Short web captions:
******
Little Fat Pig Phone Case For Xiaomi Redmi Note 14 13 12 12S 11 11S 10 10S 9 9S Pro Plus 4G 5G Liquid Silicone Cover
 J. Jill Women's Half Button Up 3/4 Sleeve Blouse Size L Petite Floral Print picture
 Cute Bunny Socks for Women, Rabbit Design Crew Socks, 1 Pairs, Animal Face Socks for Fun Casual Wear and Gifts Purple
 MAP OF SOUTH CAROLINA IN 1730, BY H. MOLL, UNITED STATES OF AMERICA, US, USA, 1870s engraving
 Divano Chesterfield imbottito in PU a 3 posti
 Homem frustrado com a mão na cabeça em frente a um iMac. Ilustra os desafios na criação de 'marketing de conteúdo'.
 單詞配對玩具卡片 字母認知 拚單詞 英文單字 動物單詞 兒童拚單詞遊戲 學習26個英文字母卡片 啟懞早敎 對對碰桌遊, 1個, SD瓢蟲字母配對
******
Task directions: Reproduce the data. Match each line exactly.

Task output:
Little Fat Pig Phone Case For Xiaomi Redmi Note 14 13 12 12S 11 11S 10 10S 9 9S Pro Plus 4G 5G Liquid Silicone Cover
 J. Jill Women's Half Button Up 3/4 Sleeve Blouse Size L Petite Floral Print picture
 Cute Bunny Socks for Women, Rabbit Design Crew Socks, 1 Pairs, Animal Face Socks for Fun Casual Wear and Gifts Purple
 MAP OF SOUTH CAROLINA IN 1730, BY H. MOLL, UNITED STATES OF AMERICA, US, USA, 1870s engraving
 Divano Chesterfield imbottito in PU a 3 posti
 Homem frustrado com a mão na cabeça em frente a um iMac. Ilustra os desafios na criação de 'marketing de conteúdo'.
 單詞配對玩具卡片 字母認知 拚單詞 英文單字 動物單詞 兒童拚單詞遊戲 學習26個英文字母卡片 啟懞早敎 對對碰桌遊, 1個, SD瓢蟲字母配對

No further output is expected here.